The first anti trafficking law in India proposes some stringent measures. A person injecting drugs to accelerate sexual maturity in a bid to force them into prostitution would invite a jail term of 10 years.
Stringent laws are the need of the hour to combat this mammoth problem, but there are still many areas that required to be worked upon if the problem is to be brought under control.
The number of cases relating to human trafficking is on the rise. From 2,848 cases in 2009 to 5,500 in 2014 does not exactly paint a pretty picture. Moreover it is for the states to join hands with the centre to work on this problem.
If one were to look at the statistics, it indicates that West Bengal accounted for 20.10 per cent of the cases in 2014. In 2014 a total of 1,1096 cases were reported from West Bengal. The statistics regarding the minor girls being trafficked in 2014 in West Bengal was at 852.
Tamil Nadu and Karnataka were second and third with 509 and 472 cases. Assam and Telangana were next on the list with 407 and 398 cases respectively. In the case of minor girls being trafficked Assam, Bihar, Haryana and Odisha reported 303,280,277 and 74 cases respectively.

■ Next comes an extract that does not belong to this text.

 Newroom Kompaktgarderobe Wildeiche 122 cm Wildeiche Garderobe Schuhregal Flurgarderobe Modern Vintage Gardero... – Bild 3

While stringent laws may solve the problem to a certain extent, the bigger problem lies in the lack of awareness and want of better amenities at the anti trafficking units. There have been several cases where the police have not acted enough. This is also coupled with the lack of awareness programmes that the state governments must undertake.
The other major issue is the manner in which the anti trafficking units function. First and foremost there is an urgent need for more anti trafficking units.

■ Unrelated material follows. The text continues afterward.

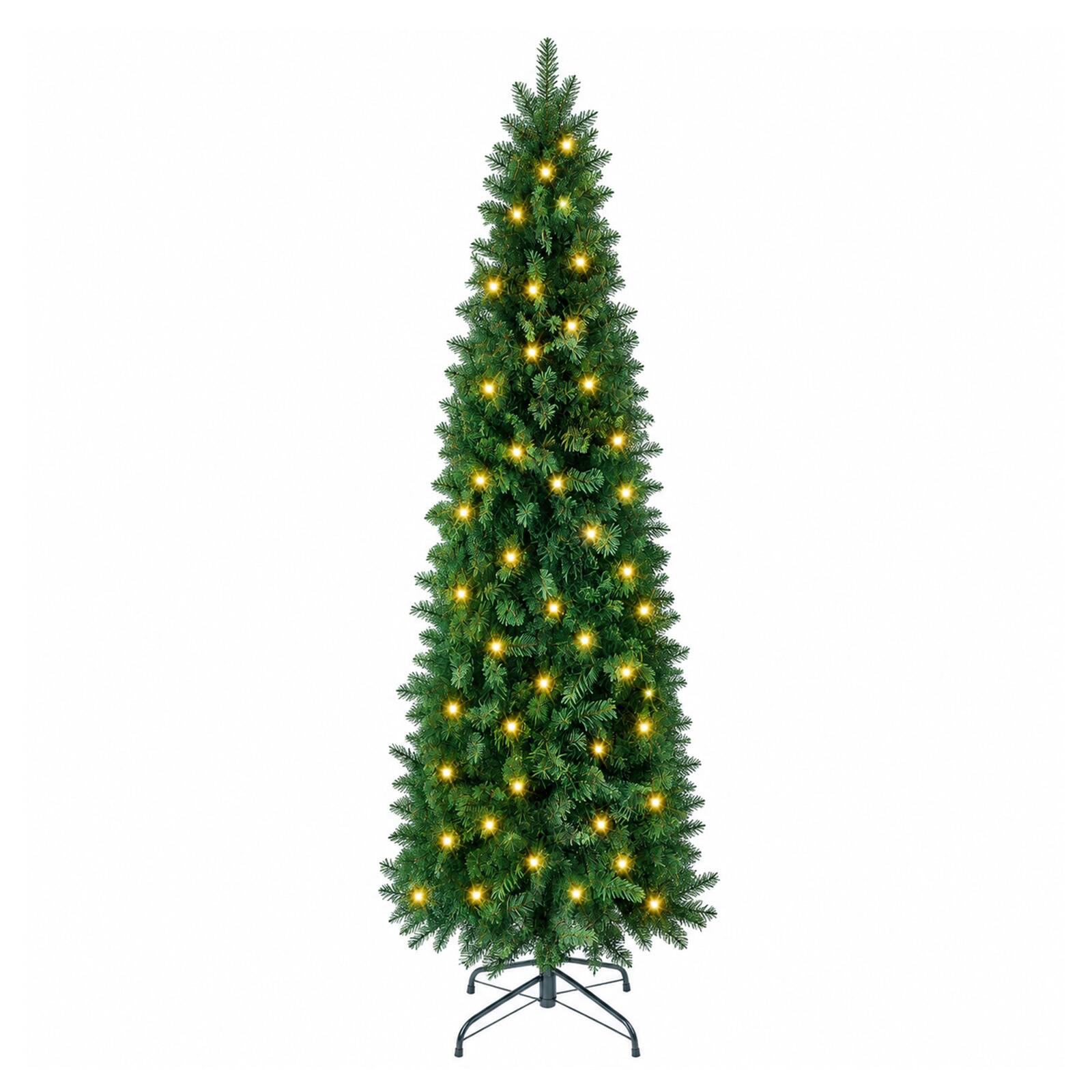 Front. Sweetcrispy - Pre-lit Slim Artificial Christmas Tree with LED Lights 8 Light Modes - Green.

According to a reply given in the Rajya Sabha, there were only 270 such units set up until the month of January 2016 while the requirement was to set up 335 by 2013 itself.
Even the staff at these units are underpaid. The staff are not trained adequately and the infrastructure is poor. While certain units such as the one in Bengaluru is better equipped in West Bengal that is not the case. For a long time there was no dedicated line.
This delays the response time and many have even complained about the lack of response. The unit members however say that the funding is inadequate and hence the problem persists.